谷克二という作家はヒグマの小説も書いているようだ。羆と書いてヒグマ。この本は谷のドイツ滞在時代のエッセイである。

17歳でヒットラー・ユーゲント入りし敗戦。その後アルコール依存症から立ち直れないエミールというドイツ人男性が谷に語る。「ヒットラーに心酔したのは初恋みたいなものだったよ」。

「東からはソビエト軍、西と南からはアメリカ軍にせめられて、藁をもみしだかれるように国土を蹂躙された」谷はドイツという国の苦悩を書く。

ハンブルク爆撃で自分以外の家族を失ったペーターというドイツ人男性は谷の友人となる。ペーターは当時3歳で自身も左眼と左足を失った。

「生き残ったことを幸運に思った。教育も受けた。だけど家族のぬくもりという1番大切なものが自分には無い。結婚をして家族を持ち出来る限りの愛情を注いでけっして手放さない」

谷は自身の若き日のドイツ放浪時代を至極大切に振り返る。粗暴で猥雑で荒々しい隣人たちとの日々をよく思い出すのだと、日本での平穏な日常の暮らしの折々でそれらは強い光芒を放って鮮明に蘇るのだと書いている。

谷のその他の本をまだ読んでいない。がっかりか、それともユリイカか。ユリイカとは古代ギリシャ語で「見つけた」という意味の言葉だがわたしは「嘘や〜マジヤバい〜」的な感じの嬉しい発見で「ユリイカ」と頷くことにしている。

わたしは谷の独特なこうした感覚に共感するのだ。精神病となり無職の15年が過ぎた。療養である。こうしてゆったりと日常過ごしているが厳しく辛かった景色はまだまだ発掘を待っているようだ。積極的に思い出すことで最近は安心するのだ。残酷でお手上げな光景は輝きを放つ。わたしは幸せという景色にけっして慣れることはないのかもしれないなどと考える。

「カフェ・バッハ」のケーキ本にパンデピスを見つけた。パンデピスが好きだ。何種類ものスパイス抽出液を生地に混ぜる。卵もバターも使わない重厚で任侠な雰囲気を持つフランスの郷土菓子。

カフェ・バッハのレシピは面白い。スパイス抽出液に珈琲豆やパルプ・ド・コーヒー(珈琲豆の果肉を干したもの)を加えるなどとあるではないか。ユリイカだ。

次女がぼんやりして精彩を欠くわたしに言った。ママらしく無い。そうかなとわたし。

わたしはかつて会社を辞めたいと悩む次女に「貴女のいろいろな「辞めた」の報告を今まで何度も聞いてきた。
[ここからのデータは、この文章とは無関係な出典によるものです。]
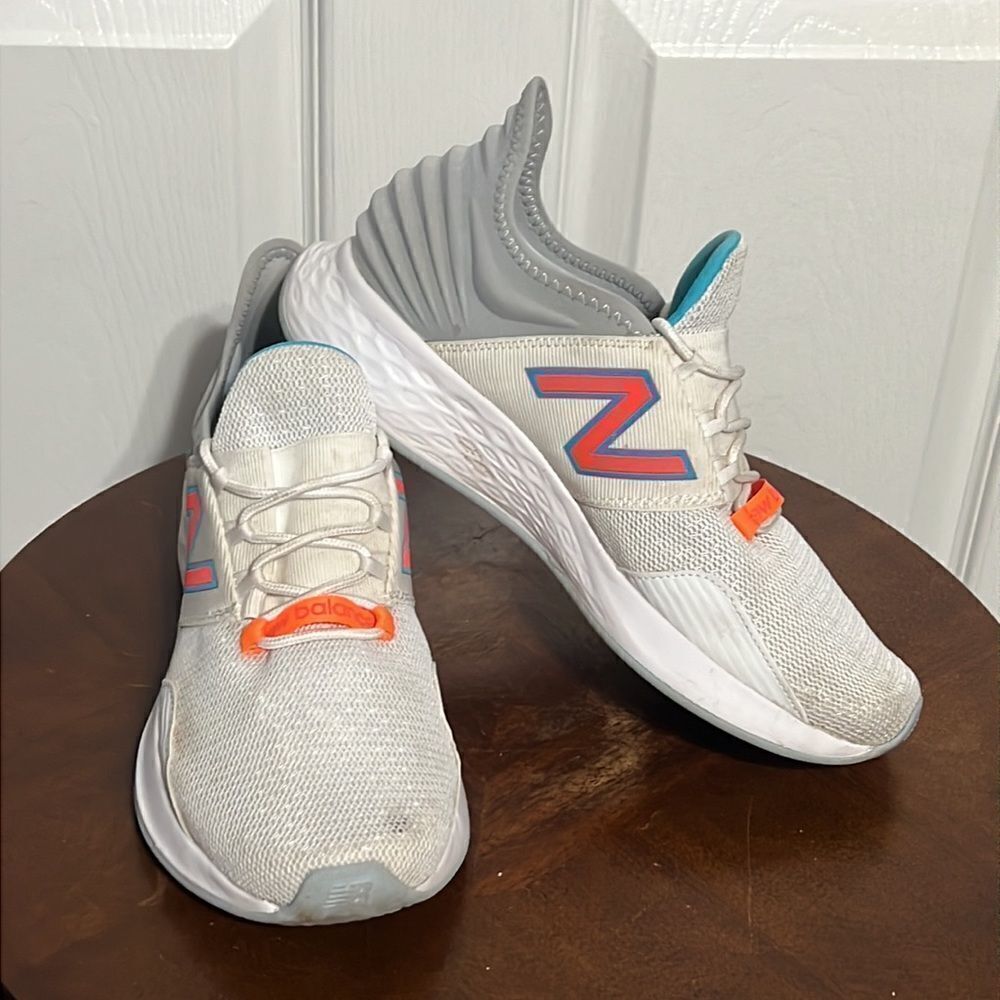🔥🔥New Balance ROAV FreshFoam - Great Used Condition - Women Sz 10 🔥🔥 - Picture 6 of 13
今日まだ辞めてないんならまだまだやれるでしょうに」と言ってからからと笑ったらしい。

そんなことは全く覚えていないがそれはまあ黙っておいた。

夕べは眠剤をひとつだけ増やして眠った。

来るなら来いのファイティングポーズ。

昔の自分を待ち構えて闘うなんて精神病は面倒臭いな。